> _Given information_:
+ + + + +

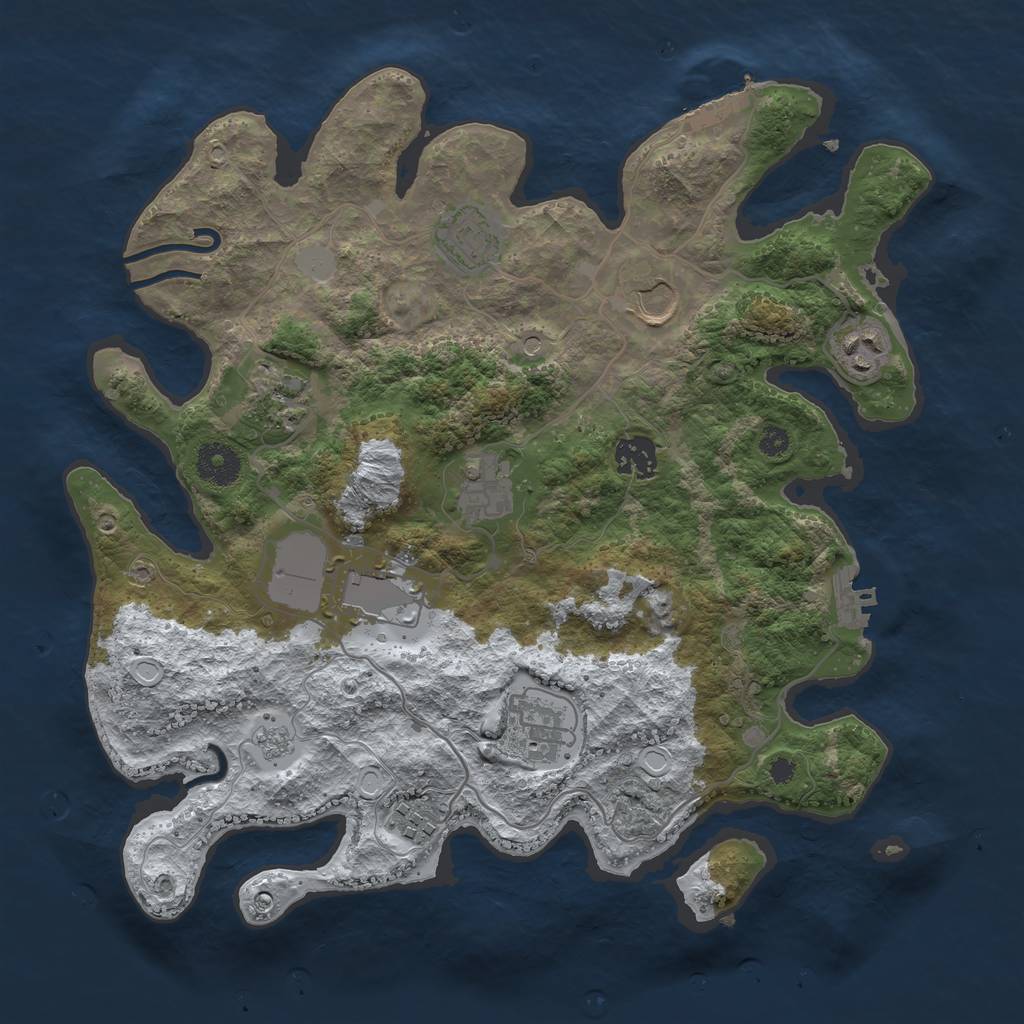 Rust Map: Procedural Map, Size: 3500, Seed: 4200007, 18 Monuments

+ + + + +

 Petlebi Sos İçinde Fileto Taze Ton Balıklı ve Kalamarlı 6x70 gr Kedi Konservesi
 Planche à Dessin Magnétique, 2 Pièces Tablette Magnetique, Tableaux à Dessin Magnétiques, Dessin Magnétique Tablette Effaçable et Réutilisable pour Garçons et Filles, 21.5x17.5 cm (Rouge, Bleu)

+ + + + +

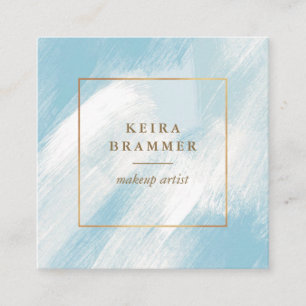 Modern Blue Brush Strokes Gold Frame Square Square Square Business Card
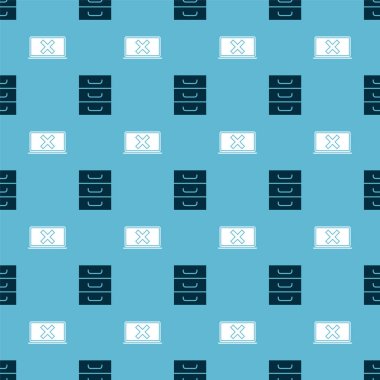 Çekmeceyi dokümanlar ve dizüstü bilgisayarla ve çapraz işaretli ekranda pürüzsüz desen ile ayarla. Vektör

+ + + + +

> _What is being asked_:
Quote word for word only the lines above from the one containing "Modern Blue Brush" through the one containing "Çekmeceyi dokümanlar ve". Pictures stay out of your copy.

> _Response box_:
 Modern Blue Brush Strokes Gold Frame Square Square Square Business Card
 Çekmeceyi dokümanlar ve dizüstü bilgisayarla ve çapraz işaretli ekranda pürüzsüz desen ile ayarla. Vektör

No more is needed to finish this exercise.